THE DATA ::
::::::::

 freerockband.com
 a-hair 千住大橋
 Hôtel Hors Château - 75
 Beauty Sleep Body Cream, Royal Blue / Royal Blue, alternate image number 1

::::::::

PROBLEM TO WORK ON :: Beginning with the line that holds "Hôtel Hors Château - 75" and ending with the last line of the material, output each line exactly and nothing beyond them.

ANSWER BELOW ::
 Hôtel Hors Château - 75
 Beauty Sleep Body Cream, Royal Blue / Royal Blue, alternate image number 1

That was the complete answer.